Memory, the Reason for Making







I observe that as adults many of us hold our childhood dear in our remembrance of the past. Barbara Hepworth once said that perhaps what one wants to say is formed in childhood and the rest of one’s life is spent in trying to see that. As a practising artist, I recognize her saying, that so much of my writing, making, and thinking are related to those inexplicable moments felt in the memory of
my life as a roaming free child.


My connection with the world is often reminded through muddy walks, alone with the trees in the woodlands, listening to birds and winds passing through gaps among the trees, and lots of smells unique to a life in the country, like ones from summer meadows, yellow honeysuckles, tomato vines, brown leaves composting on the autumn rainy paths, soils turned after a hearty harvest, and lots and lots of hays stacking high in the sunny expansive fields.
 

In The Arts and Human Development, the writer Howard Gardner points out that in painting, literature and music a normal child of seven or eight is, in many respects, already able to appreciate artistically as well as most adults. The reason of that, according to Gardener, is that the child learns to perceive the world through its own body. 

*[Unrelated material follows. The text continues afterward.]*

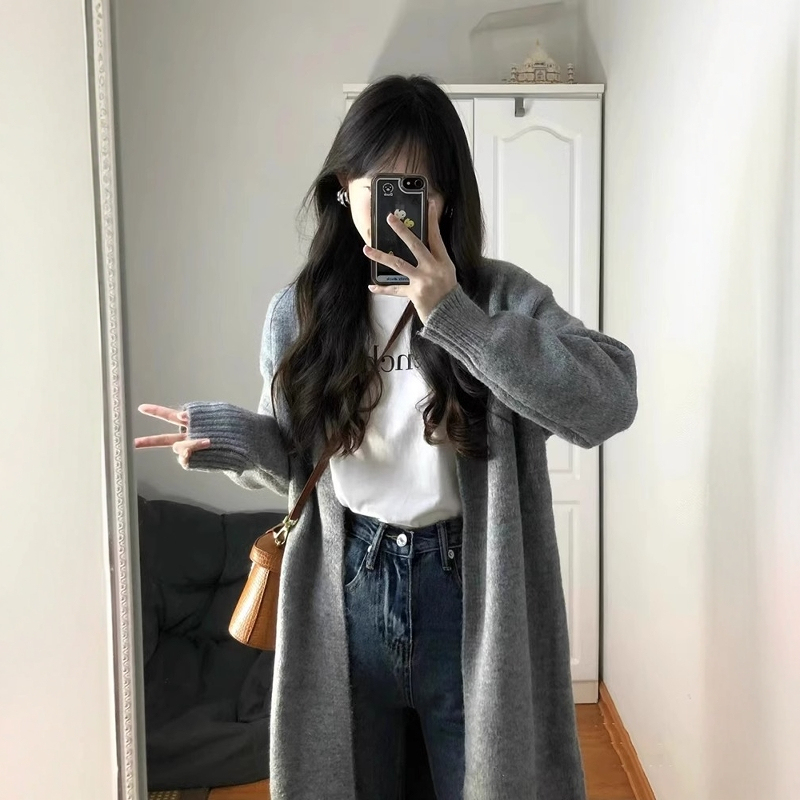 Gray Long Sweater Cardigan Coat for Women, New Autumn and Winter Style, Lazy Style Coat, Over-The-Knee Knitted Outerwear, Loose Top Gray Long Sweater Cardigan Coat for Women, New Autumn and Winter Style, Lazy Style Coat, Over-The-Knee Knitted Outerwear, Loose Top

This, according to Gardner, is also how artists perceive. The natural sense of oneness between the body and the outside world is ‘another way of cutting up the universe,’ an alternative to the objective, scientific way, and it is the artist’s way as well as the young child’s. The body connection with the world is not merely physical. Qualities such as hollowness, balance, solidity, openness and
closeness have, or develop, emotional and moral connotations.

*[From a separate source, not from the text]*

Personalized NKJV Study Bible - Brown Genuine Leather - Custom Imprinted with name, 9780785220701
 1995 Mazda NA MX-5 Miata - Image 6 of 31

I like Gardner’s explanation of exploring the world through the body. Though born from an oriental culture where overtly displaying emotions in public is not the norm, I have always drawn to touch such as the physical way of hugging someone who we love and miss. That physical warmth and touch, for me, can surpass many thousands of words spoken. The same applies to my creative
practice. Painting has always been a second choice for me, in comparison to making three dimensional things, be it sculpture, installation, or simply a pop up object. Somehow being able to touch and feel the things that I am making always gives me enormous amount of calm, reassurance, and solidity.
 

One friend of mine said that remembering is a creative process and I wholeheartedly agree with that. I think the way we navigate around and experience the world has always so much to do with remembering. The remembering feels like the invisible threads underneath an undisturbed forest.
As the threads of fungus are connected to support the growth and thriving of a forest, the remembering offers us a safe haven of comfort and warmth as we trek through the journey of life. As an aspiring artist, I think partly what I want to make is just that, that remembering, that intricate web like texture called our dear memory.